BOSS dataset

Purpose of annotations

The aim of the annotations is to have a ground-truth file of the BOSS dataset with the following requirements:

It must point out the actions and interactions occurring in the videos by indicating their starting and ending frames
It must have enough labels to have a wide range of actions and interactions
It mustn't have too many labels for each action and interaction is represented enough times in order to allow the training of a classifier
The file must be easy to understand

The file is available here: AnnotationsBOSS_v1.xlsx

Explanations

The labels chosen for actions are: walking, sitting, standing, laying down.
The labels chosen for interactions are: fight, handshake, kissing on the cheeks, hugging, helping.

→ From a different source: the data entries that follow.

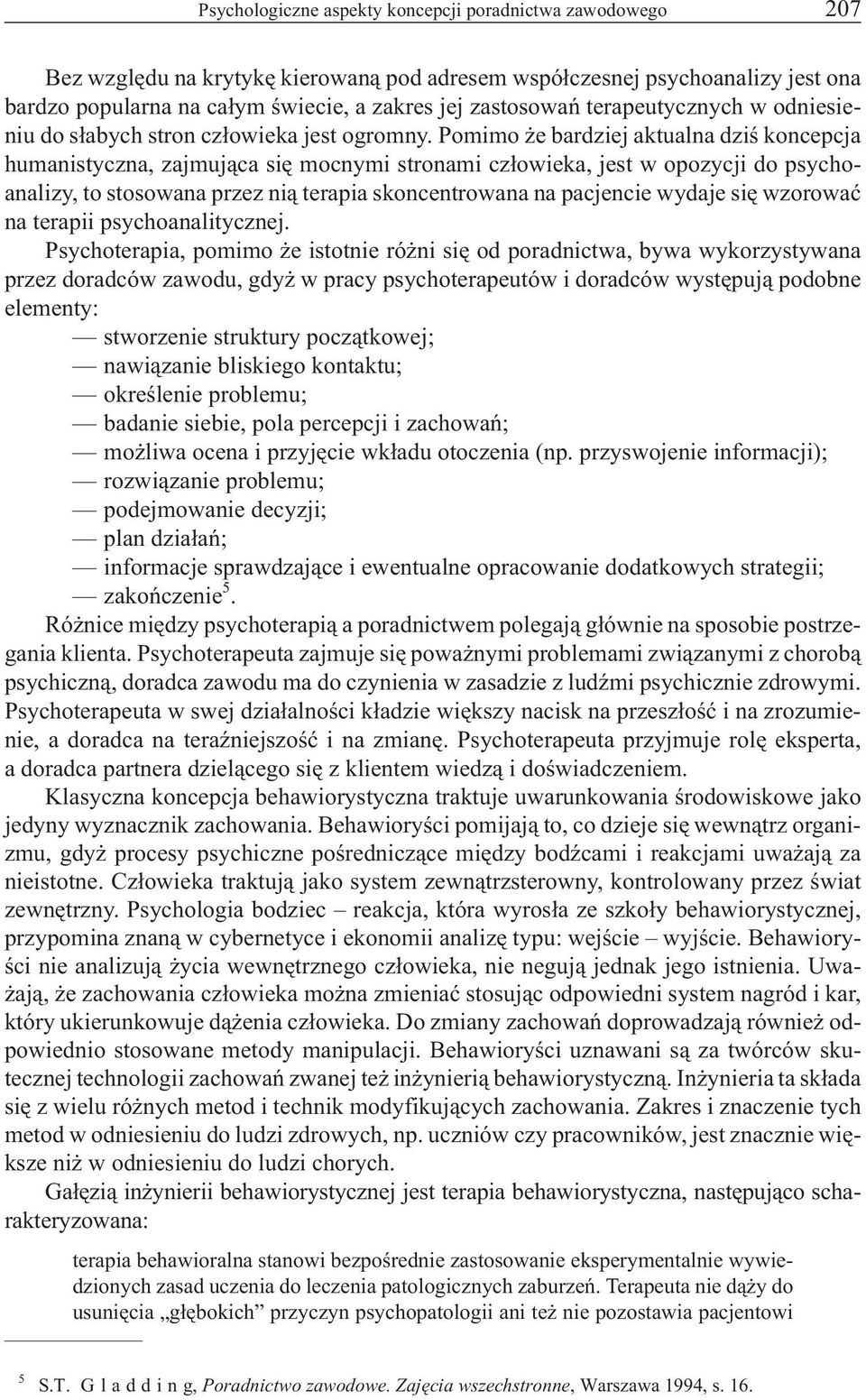 Pomimo e bardziej aktualna dziœ koncepcja humanistyczna, zajmuj¹ca siê mocnymi stronami cz³owieka, jest w opozycji do psychoanalizy, to stosowana przez ni¹ terapia skoncentrowana na pacjencie wydaje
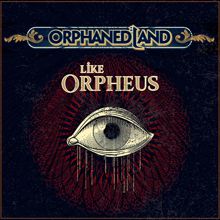 Orphaned Land: Like Orpheus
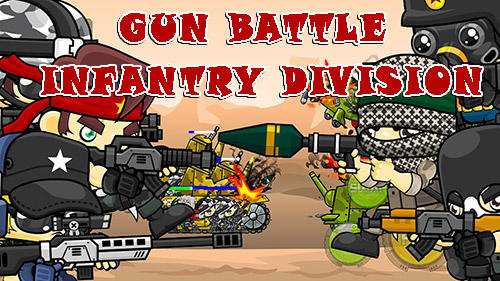 Gun battle: Infantry division poster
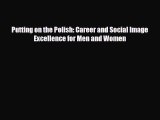 [PDF Download] Putting on the Polish: Career and Social Image Excellence for Men and Women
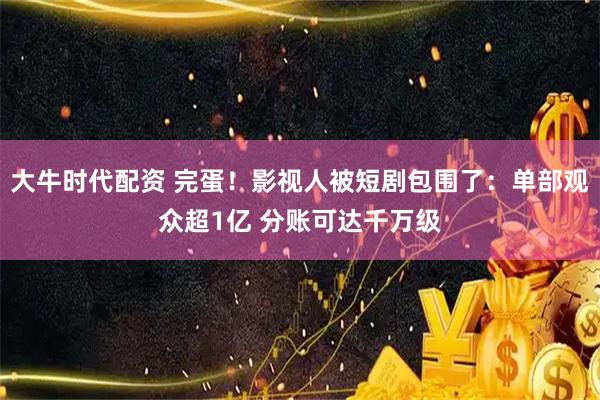 大牛时代配资 完蛋！影视人被短剧包围了：单部观众超1亿 分账可达千万级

As it can be seen on the videos, many others actions and interactions occur such as kneeling, using a cellphone, harassing, reading a newspaper or dancing. However, those events are not happening enough times or are too difficult to precisely point out to be relevant for the purpose of the annotations file.

The has got two worksheets, one for actions and the other for the interactions.
The actions work sheet is classified by cameras. In each camera section, there is one array for each video.
In those arrays, the first column indicates the actions happening in the video while the first row indicates the persons in the video. The persons are numbered according to their order of entrance. A person is labelled as entering when half of their body is visible, it's labelled as leaving when there is less than half of there body is visible.

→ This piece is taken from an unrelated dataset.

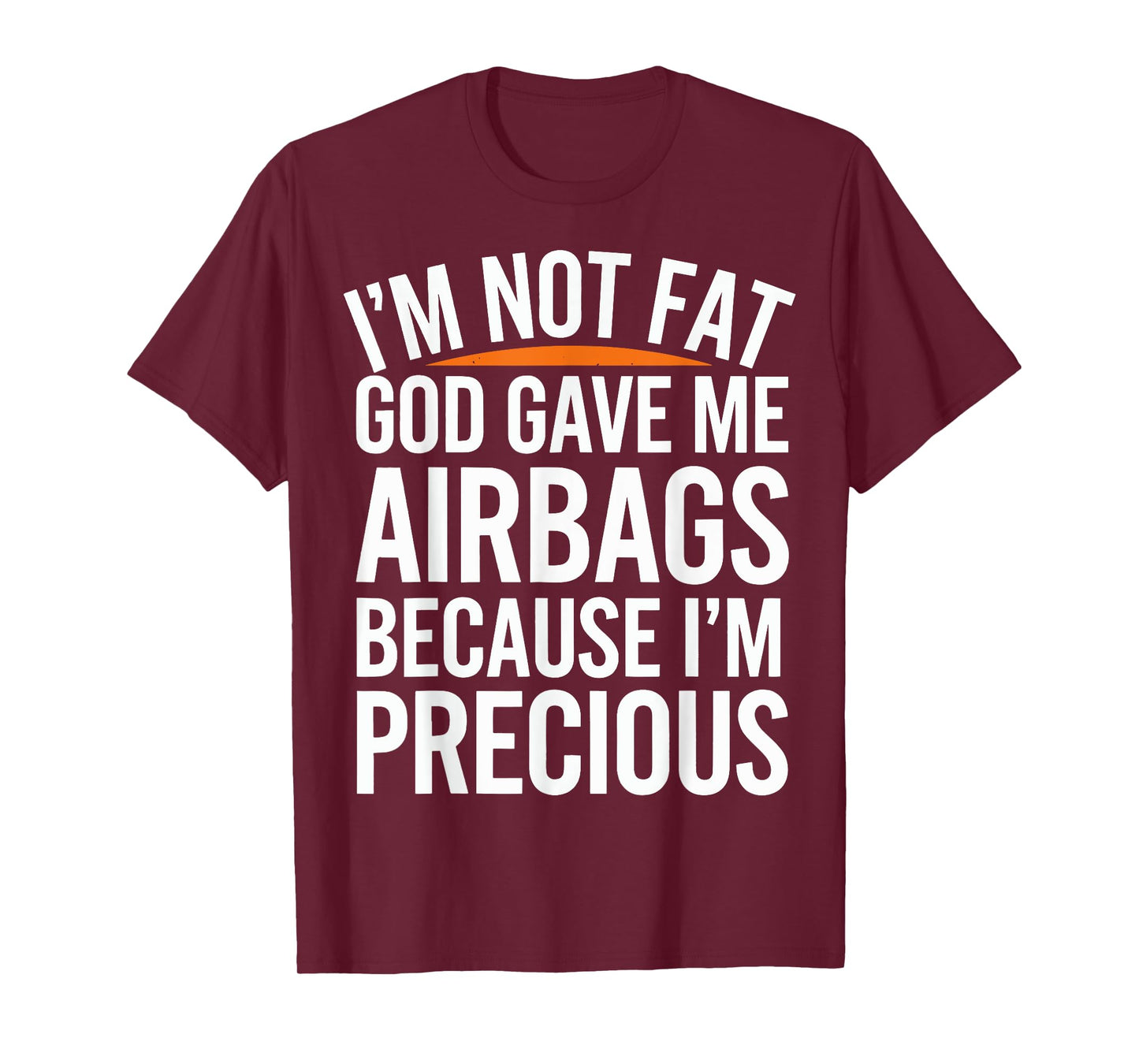 I'm Not Fat God Gave Me Airbags Cause I'm Precious T-Shirt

When an action is detected, its starting frame number is indicated in the "start x" column in the corresponding row. When this action ends, its ending frame number is indicated in the "end x" column in the corresponding row. As soon as a new action occurs, its starting and ending frames numbers are annotated in the same columns as the previous action if the new action is placed under the previous one. If not, it's placed in a new pair of columns.
This way, the flow of actions for a person must be read from top to bottom then left to right, as suggested by the red arrows on the following picture.

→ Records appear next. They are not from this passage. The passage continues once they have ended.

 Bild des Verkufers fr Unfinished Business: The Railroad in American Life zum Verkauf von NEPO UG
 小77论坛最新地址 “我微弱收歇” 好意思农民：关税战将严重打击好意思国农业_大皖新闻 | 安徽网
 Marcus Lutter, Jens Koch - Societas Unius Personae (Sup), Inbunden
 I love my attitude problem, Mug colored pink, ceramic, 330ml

For instance, on the example above, person 1 does action 1 then 2, then 4,then 3, and at last 5. Meanwhile, the person 2 does action 1 then 3 two times before doing action 1 one last time.

For interactions, things are simpler.
As for actions, interactions are indicated on the first row. For each interaction the number of people involved is indicated, who they are, and the starting and ending frames as well as actions.
This way, interactions are indicated in the same fashion as actions.